The freestyle skier was awarded a near unmatchable score of 26.31, a full 1.6 points ahead of his compatriot Mikael Kingsbury, who took silver.
Despite Canada’s domination in this event, there was also satisfaction for host nation Russia, with Alexandr Smyshlyaev’s score of 24.34 just edging out Marc-Antoine Gagnon for bronze and preventing a clean sweep for the North American country.
Bilodeau became the first moguls skier to defend an Olympic title after an almost flawless final run that saw him fend off the challenge of reigning world champion Kingsbury, who was effectively ruled out of contention for gold by a couple of small mistakes.
It was a devastating performance from Bilodeau, who saved his best until last after qualifying in third place for the final run of six competitors, landing superbly after each of a series of complex jumps.
"I’m delighted with the way I finished,” said the two-time champion, who intends to retire at the end of this season. “I’m going to be going out in the best way possible.”
Source of inspiration
Bilodeau then paid tribute to his older brother, Frederic, who suffers from cerebral palsy and warmly embraced him after his victory.
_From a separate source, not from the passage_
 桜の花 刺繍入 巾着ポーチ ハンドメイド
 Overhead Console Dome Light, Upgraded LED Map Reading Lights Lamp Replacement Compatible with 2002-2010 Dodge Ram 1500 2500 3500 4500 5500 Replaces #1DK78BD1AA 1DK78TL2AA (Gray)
“My brother is a daily source of inspiration for me,” he said. “Like I often say, if he had been able to live my life, he would have become a triple Olympic champion.”
He also had warm words for his fellow Quebec native, Kingsbury – predicting a glittering future for his 21 year-old team-mate.
"Canadian freestyle has a bright future,” he predicted. “There are lots of young skiers who are making their mark and I’m happy to share the podium with one of them. This guy is going to win everything out there when I go.”
Smyshlyaev’s second run included some eye-catching turns, securing a deserved medal for the 26 year-old – who finished tenth in Vancouver four years ago.